SECTION E (Solutions)
36.
Solution:
(i) The graph of a quadratic polynomial is a Parabola.
(ii) p(x) = x² - 2x - 8. Factorizing: (x - 4)(x + 2) = 0.
Zeroes are 4 and -2.
(iii) α = 4, β = -2.
α + β + αβ = (4 + (-2)) + (4 × -2)
= 2 + (-8) = -6.
37.
Solution:
(i) Yes, the triangles are similar by AA Similarity criterion (Angle of elevation of sun is same at same time, and both stand vertical at 90°).
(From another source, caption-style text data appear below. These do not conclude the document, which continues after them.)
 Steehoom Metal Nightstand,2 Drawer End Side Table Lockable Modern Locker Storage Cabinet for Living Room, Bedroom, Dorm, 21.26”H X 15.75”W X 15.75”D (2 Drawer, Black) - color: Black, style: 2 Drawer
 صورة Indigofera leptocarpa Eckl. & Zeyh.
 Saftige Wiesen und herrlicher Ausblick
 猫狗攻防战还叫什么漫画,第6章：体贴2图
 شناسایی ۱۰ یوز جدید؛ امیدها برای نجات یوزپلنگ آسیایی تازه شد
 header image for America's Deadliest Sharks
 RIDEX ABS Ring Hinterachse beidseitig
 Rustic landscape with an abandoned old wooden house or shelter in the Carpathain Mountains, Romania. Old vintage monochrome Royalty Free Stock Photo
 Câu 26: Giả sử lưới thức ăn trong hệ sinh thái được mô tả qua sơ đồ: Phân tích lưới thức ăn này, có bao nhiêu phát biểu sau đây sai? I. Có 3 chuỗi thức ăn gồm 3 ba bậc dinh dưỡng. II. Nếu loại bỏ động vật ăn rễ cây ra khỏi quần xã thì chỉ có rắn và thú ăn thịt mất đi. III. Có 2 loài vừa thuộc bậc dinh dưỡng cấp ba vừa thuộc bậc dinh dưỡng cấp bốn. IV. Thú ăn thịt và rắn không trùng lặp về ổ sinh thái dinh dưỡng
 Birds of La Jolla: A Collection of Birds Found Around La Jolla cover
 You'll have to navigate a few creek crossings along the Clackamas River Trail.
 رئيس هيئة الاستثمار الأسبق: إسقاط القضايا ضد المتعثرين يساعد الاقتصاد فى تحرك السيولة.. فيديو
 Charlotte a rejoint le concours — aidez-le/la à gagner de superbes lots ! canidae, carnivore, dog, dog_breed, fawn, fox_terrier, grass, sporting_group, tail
(ii) Ratio of corresponding sides: Height1/Height2 = Shadow1/Shadow2.
(iii) Let height of tower be h.
6 / h = 4 / 28
h = (6 × 28) / 4 = 6 × 7 = 42 m.
38.
Solution:
Diameter = 2.8 cm ⇒ Radius r = 1.4 cm.
Total length = 5 cm. Length of cylinder part (h) = 5 - (1.4 + 1.4) = 2.2 cm.
(i) Volume of Cylinder = πr²h = (22/7) × (1.4)² × 2.2 = 13.55 cm³.
(ii) Volume of 2 hemispheres = 2 × (2/3)πr³ = (4/3) × (22/7) × (1.4)³ = 11.50 cm³.
(iii) Total volume of 1 Gulab Jamun = 13.55 + 11.50 = 25.05 cm³.
Volume of 45 Gulab Jamuns = 45 × 25.05 = 1127.25 cm³.
Volume of Syrup = 30% of 1127.25 = 0.30 × 1127.25 ≈ 338 cm³.